Second, great potential exists in Mediterranean co-development. By 2050, the European Union will still have approximately 500 million inhabitants. The south’s population will have grown by half to 320 million. Furthermore, the region’s annual G.D.P. is rising between 4 percent and 5 percent. Opportunities exist for those willing to seize them. China has gotten the message and is investing heavily in the region. Europeans, in turn, keep pretending not to hear, even though the Mediterranean region could help us strengthen our economic competitiveness with Asian and American companies. By mobilizing the potential synergies between southern labor, energy and raw materials and northern know-how, technical expertise and advanced technologies, Europe could lift its annual growth rate by a crucial 1 percent.

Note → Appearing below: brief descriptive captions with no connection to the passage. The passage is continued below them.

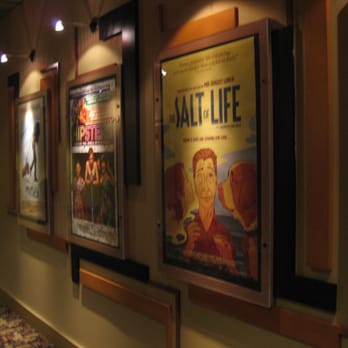 Landmark's E Street Cinema - the lower level corridor with its many movie posters - Cinema Near Me - Washington, DC, District of Columbia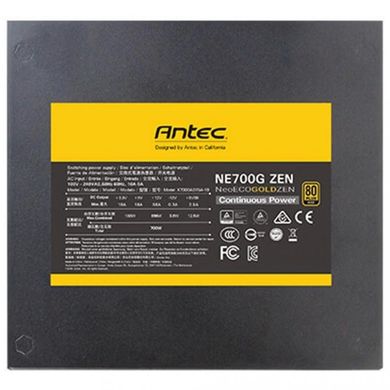 Блок питания Antec NE700G Zen EC 700W (0-761345-11688-6) фото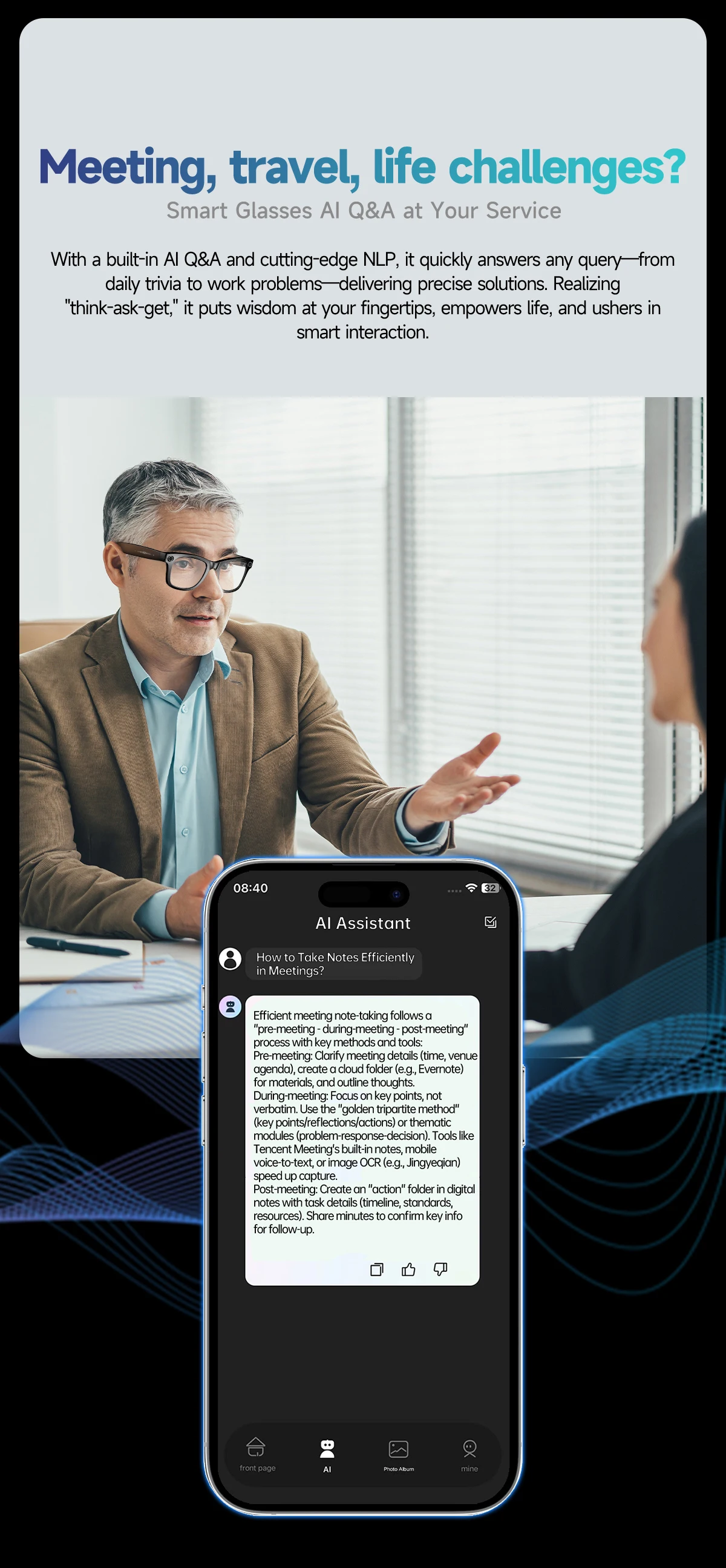 Sanvnet Gs4 Max Smart Glasses Intelligent Recognition 8mp Camera Video Recording Al Translation Smart Wearable Headset 2025 - Buy Gs4 Max Smart Glasses camera Smart Glasses smart Wearable Headset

So why the hesitation? Why haven’t we been able to do in the southern Mediterranean what Germany has gotten the E.U. to do in Eastern Europe (with substantial gains for German industry)? We should not delude ourselves: Though the crisis between Palestine and Israel is often portrayed as the cause of all evils, it is rather the tree that hides the forest. The true causes are deep distrust, overly bureaucratic vision, pointless competition among E.U. member states and private-sector reticence.
Despite undeniable achievements, the European Neighborhood Policy will not be enough to face this challenge alone. Now that the institutional prospects are fading and public resources are evaporating due to the global economic crisis, there is only one way out: involve private companies. This requires creating the right conditions for private capital investment. There is no point in trying to force companies to endorse abstract ideas conceived by technocrats. Companies must be encouraged to propose projects that meet their own requirements. The much-needed expansion of private investment will not take place unless sufficient levels of security and profitability are guaranteed.

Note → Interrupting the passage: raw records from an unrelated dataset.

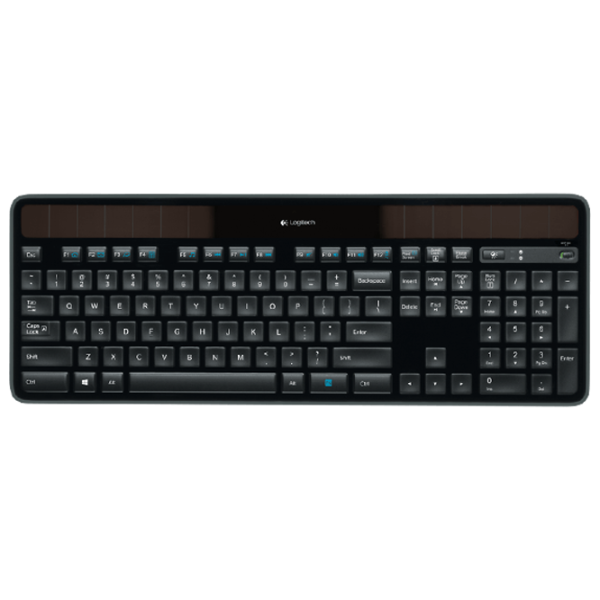 Клавиатура Logitech K750 Беспроводные/ Черный photo 1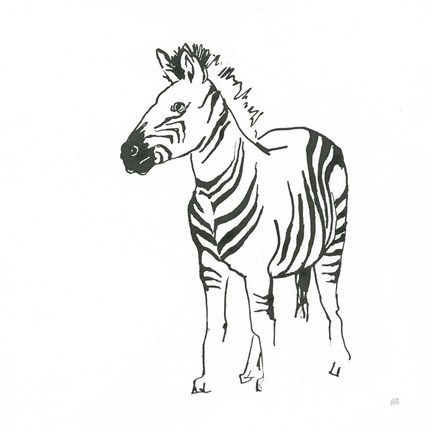 Framed African Animals VII Print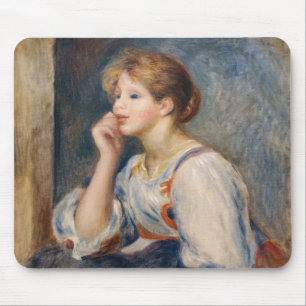 Mousepad Pierre-Auguste Renoir - Mulher com Letra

The president of the European Commission has asked me to promote this initiative in close cooperation with the E.U. commissioner in charge of the European Neighborhood Policy, Stefan Fulle. We are working with more than 200 large enterprises from the Mediterranean basin affiliated with the Mediterranean Business Council. The object is to develop a consistent set of projects that can be quickly implemented. We will try to identify initiatives to develop new financing sources, increase human capital, create jobs, develop logistics and improve land management. It is crucial to get a dozen feasible and emblematic private-public projects under way in 2011.
Working together on that objective is the only way to bring the 43-member countries of the Union for the Mediterranean back on track. Otherwise the dialogue will be dead for 10 more years.
Andrea Canino, president of the Mediterranean Business Council-EcoMed.